Exactly the lines from the one containing "220V-06018F41E0-000 - 1" through the final line of the data are to be written out again, with nothing added.

────

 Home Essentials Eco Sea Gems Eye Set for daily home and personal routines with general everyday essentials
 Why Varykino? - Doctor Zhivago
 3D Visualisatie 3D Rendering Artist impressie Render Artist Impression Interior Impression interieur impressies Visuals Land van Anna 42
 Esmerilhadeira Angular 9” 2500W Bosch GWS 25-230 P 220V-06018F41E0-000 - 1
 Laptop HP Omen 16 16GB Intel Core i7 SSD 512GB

────

[RESPONSE TO THIS EXERCISE]
 Esmerilhadeira Angular 9” 2500W Bosch GWS 25-230 P 220V-06018F41E0-000 - 1
 Laptop HP Omen 16 16GB Intel Core i7 SSD 512GB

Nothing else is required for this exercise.